## Task directions
For the entries below, copy exactly the line that contains "Woman make photo" through the line that contains "Businesswoman standing on", both ends included, and exclude all pictures.

## Records shown
▶
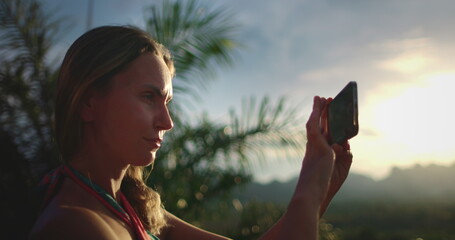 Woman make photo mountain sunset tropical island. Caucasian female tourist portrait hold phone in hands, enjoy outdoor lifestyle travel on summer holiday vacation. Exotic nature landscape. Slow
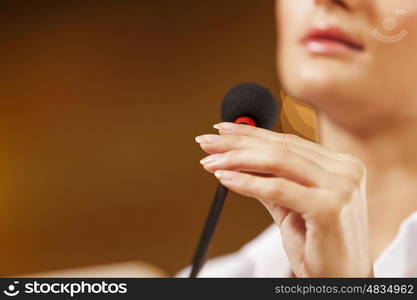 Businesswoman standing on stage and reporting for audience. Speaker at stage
◀
▶
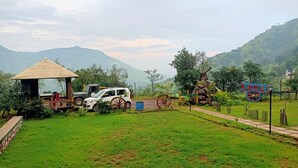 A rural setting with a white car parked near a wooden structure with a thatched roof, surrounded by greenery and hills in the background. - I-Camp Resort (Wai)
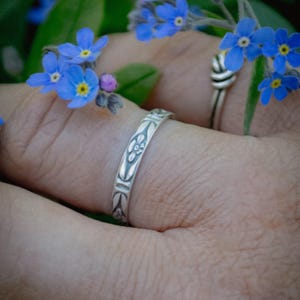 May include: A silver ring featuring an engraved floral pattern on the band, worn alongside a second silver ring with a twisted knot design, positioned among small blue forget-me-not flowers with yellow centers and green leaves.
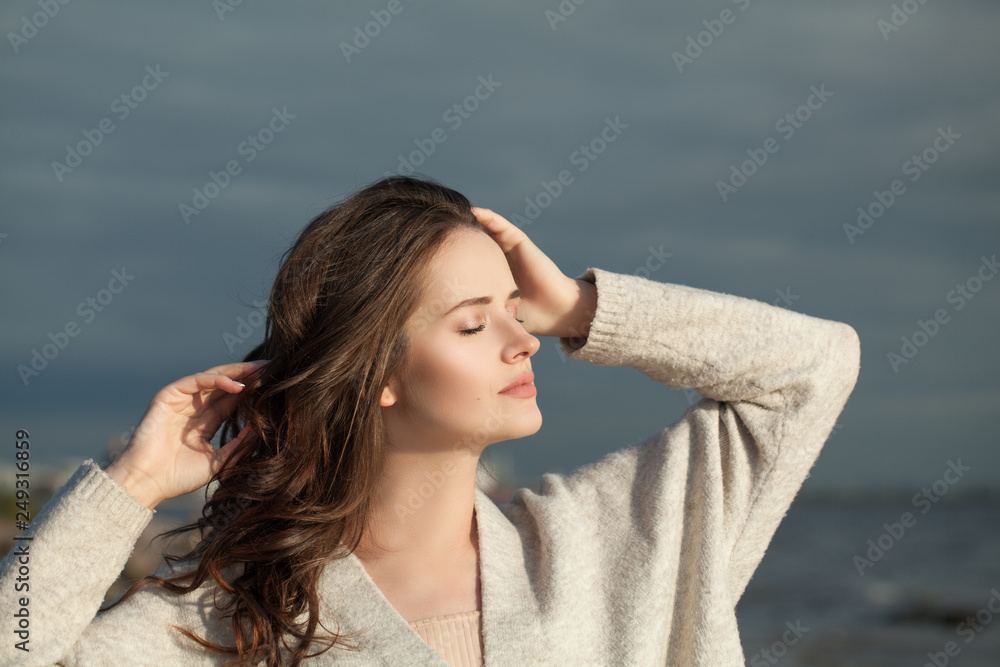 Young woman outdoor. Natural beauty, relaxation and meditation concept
◀
▶
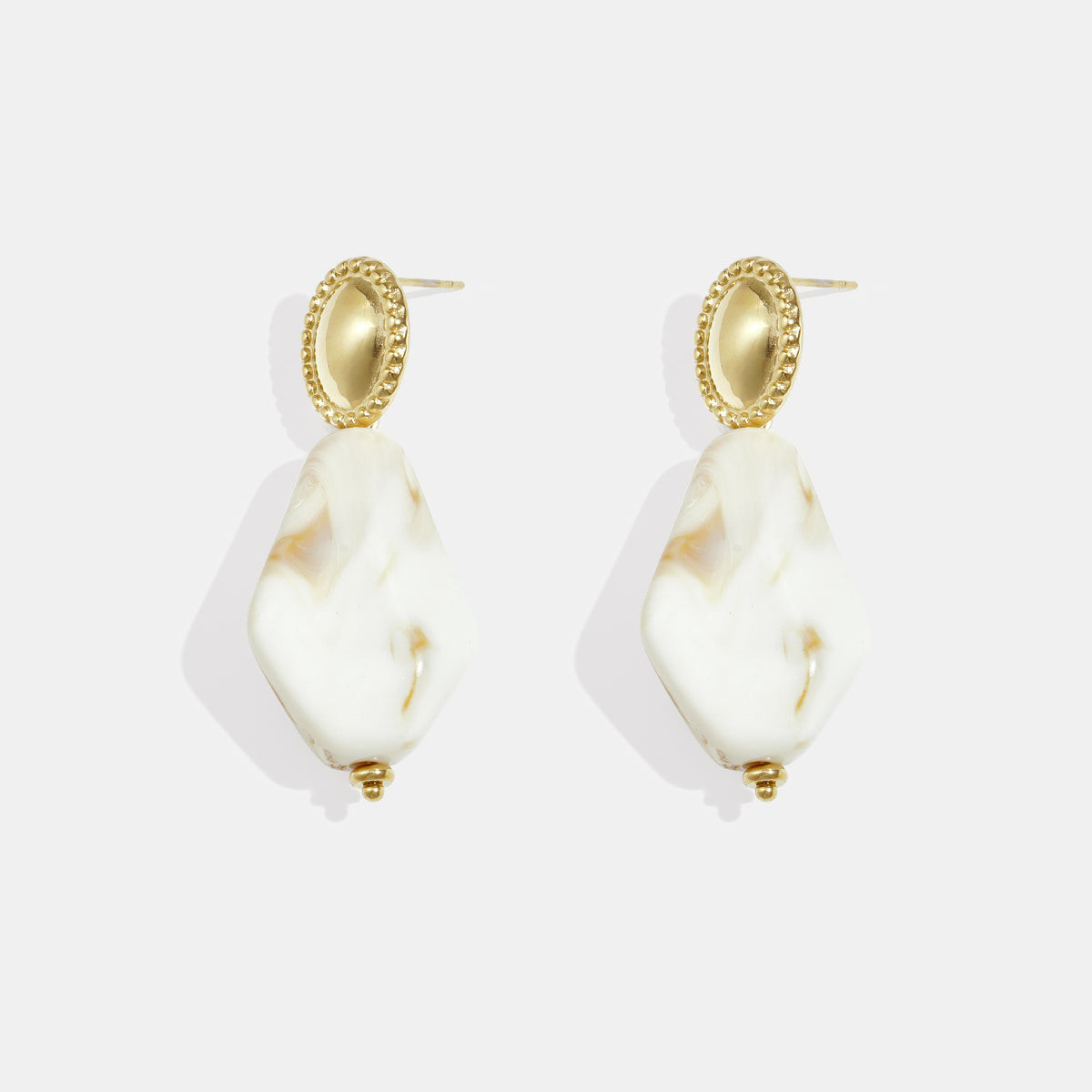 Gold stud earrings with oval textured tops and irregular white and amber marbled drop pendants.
◀
## Result of the task
 Woman make photo mountain sunset tropical island. Caucasian female tourist portrait hold phone in hands, enjoy outdoor lifestyle travel on summer holiday vacation. Exotic nature landscape. Slow
 Businesswoman standing on stage and reporting for audience. Speaker at stage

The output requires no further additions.